# Work instructions
Pictures in the entries below are to be left out; otherwise, reproduce exactly the lines from the first through the line containing "JD Tower Hotel".

# Supplied records
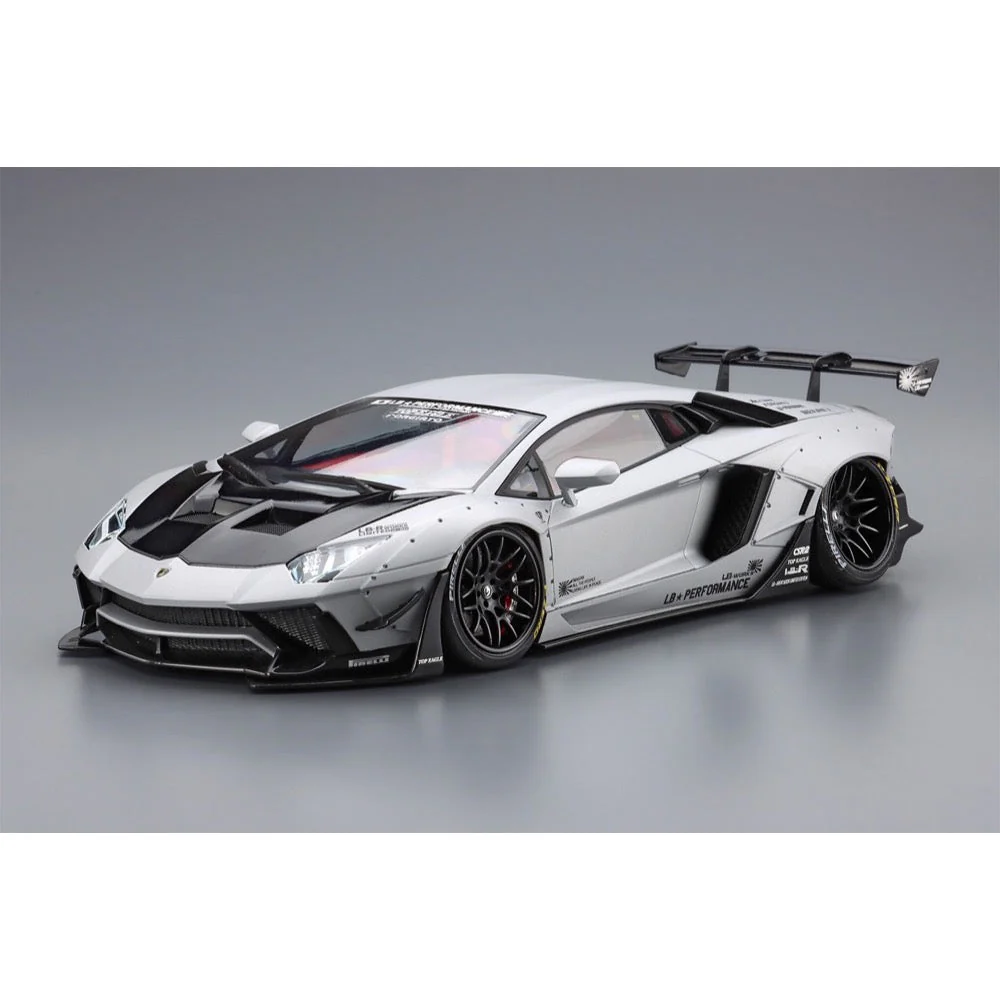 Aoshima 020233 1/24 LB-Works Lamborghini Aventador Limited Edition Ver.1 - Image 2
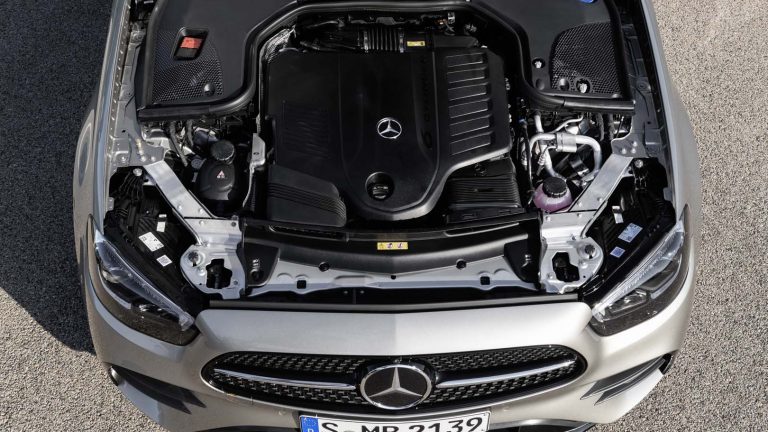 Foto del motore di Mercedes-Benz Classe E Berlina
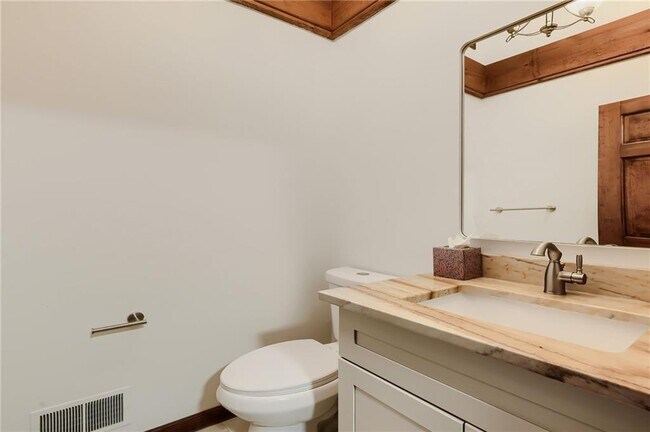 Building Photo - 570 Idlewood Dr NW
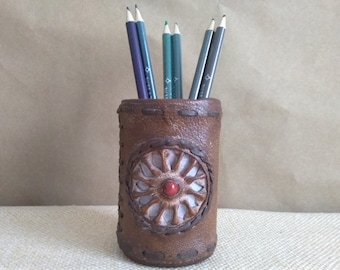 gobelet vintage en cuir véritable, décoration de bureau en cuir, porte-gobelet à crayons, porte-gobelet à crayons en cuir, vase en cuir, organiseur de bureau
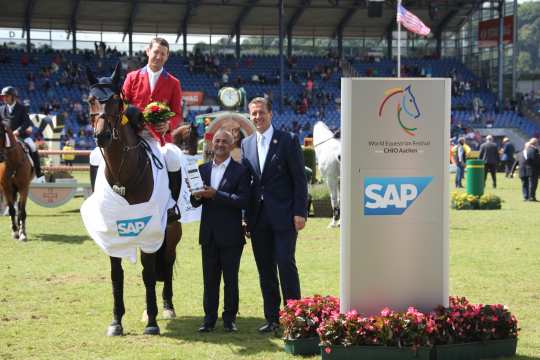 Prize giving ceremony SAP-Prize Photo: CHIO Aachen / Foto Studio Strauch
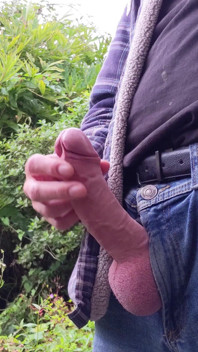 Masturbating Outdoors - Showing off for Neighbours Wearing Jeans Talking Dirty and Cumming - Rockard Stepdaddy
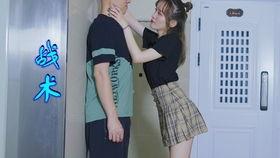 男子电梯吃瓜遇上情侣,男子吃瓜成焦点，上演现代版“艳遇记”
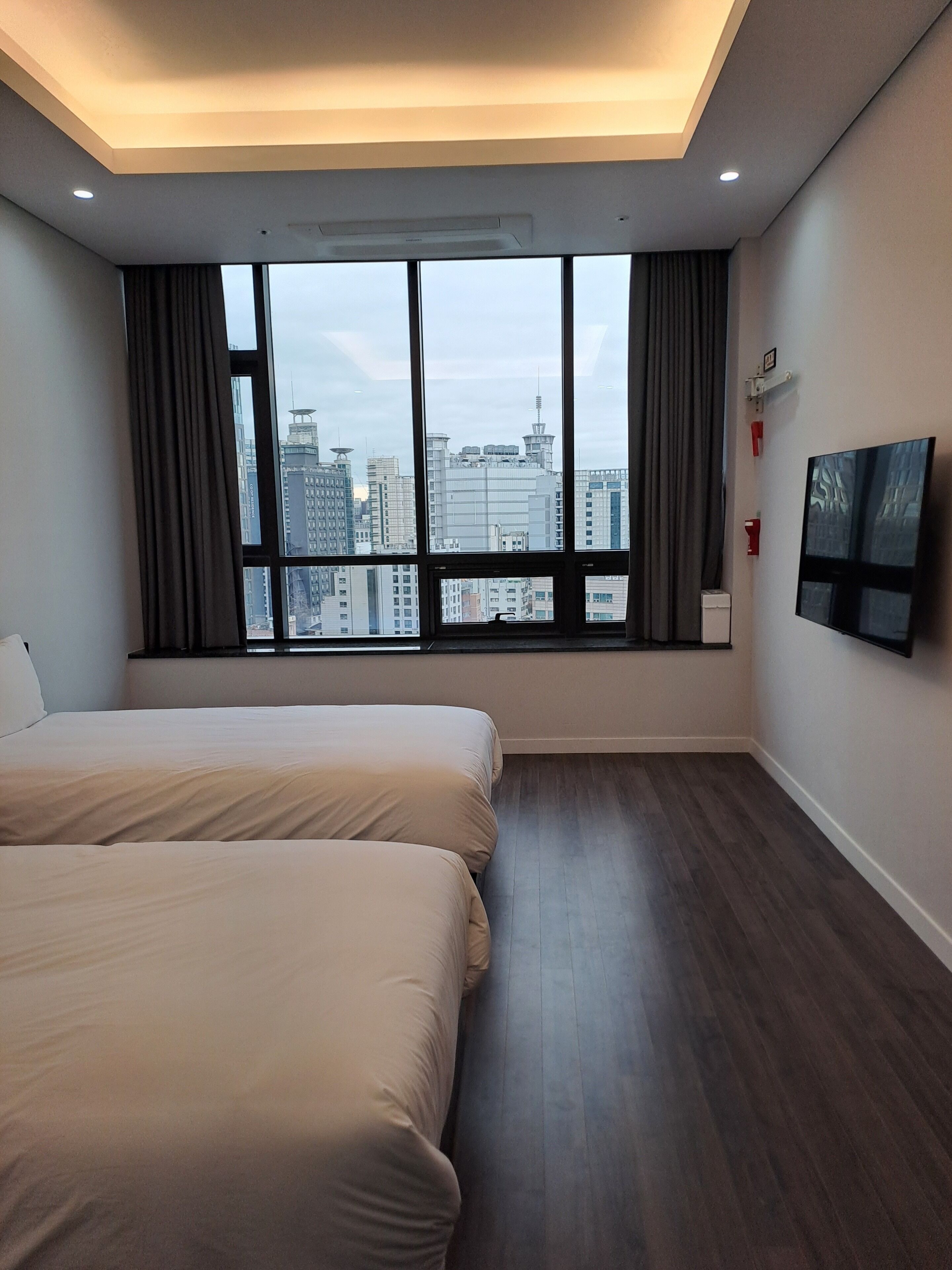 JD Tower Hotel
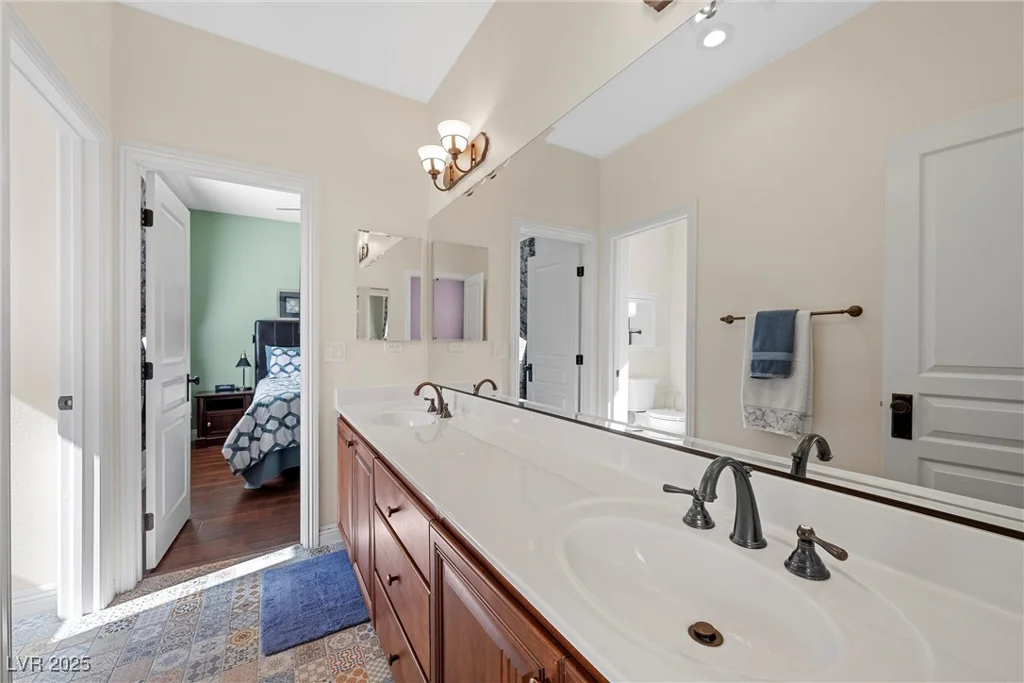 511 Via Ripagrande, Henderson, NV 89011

# Written response
 Aoshima 020233 1/24 LB-Works Lamborghini Aventador Limited Edition Ver.1 - Image 2
 Foto del motore di Mercedes-Benz Classe E Berlina
 Building Photo - 570 Idlewood Dr NW
 gobelet vintage en cuir véritable, décoration de bureau en cuir, porte-gobelet à crayons, porte-gobelet à crayons en cuir, vase en cuir, organiseur de bureau
 Prize giving ceremony SAP-Prize Photo: CHIO Aachen / Foto Studio Strauch
 Masturbating Outdoors - Showing off for Neighbours Wearing Jeans Talking Dirty and Cumming - Rockard Stepdaddy
 男子电梯吃瓜遇上情侣,男子吃瓜成焦点，上演现代版“艳遇记”
 JD Tower Hotel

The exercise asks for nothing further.